▶ **EXERCISE AIM**
Your copy must start with the line containing "Motorcycles at a" and end with the last line of the entries, matching them exactly and leaving out every picture.

Scraped caption text data

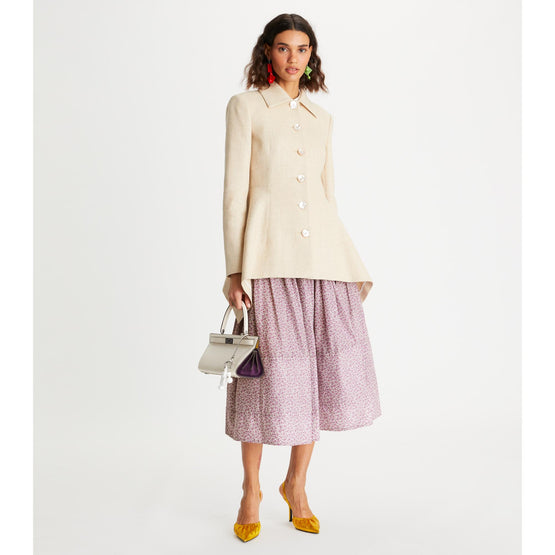 Ditsy Floral Ruched-Waist Skirt - Iced Lilac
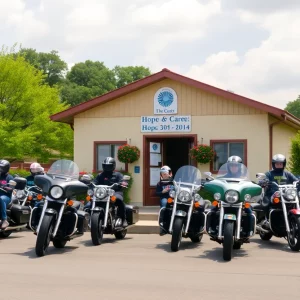 Motorcycles at a charity event for foster children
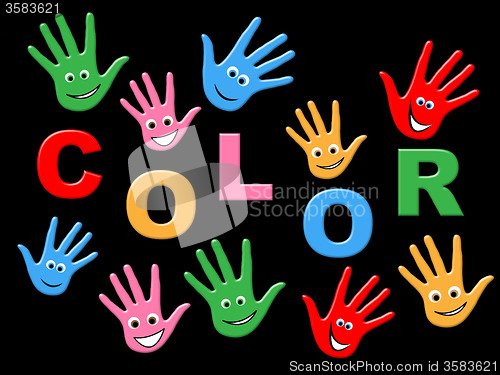 Image of Handprints Colorful Indicates Vibrant Child And Creativity
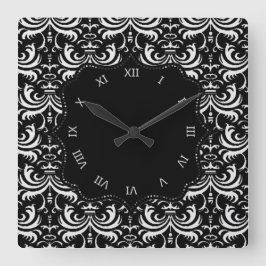 Big Bold Damask (vit) Fyrkantig Klocka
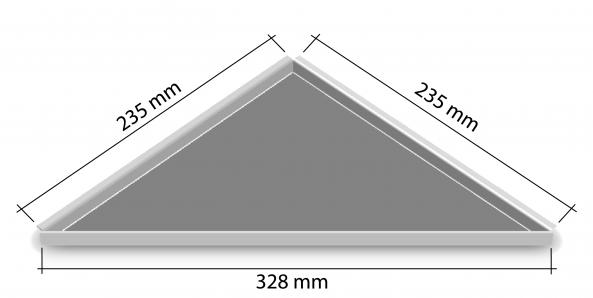 HK Edelstahl Duschablage befliesbar Dreieck nachrüstbar 235x235x328mm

▶ **SOLUTION TO THIS EXERCISE**
 Motorcycles at a charity event for foster children
 Image of Handprints Colorful Indicates Vibrant Child And Creativity
 Big Bold Damask (vit) Fyrkantig Klocka
 HK Edelstahl Duschablage befliesbar Dreieck nachrüstbar 235x235x328mm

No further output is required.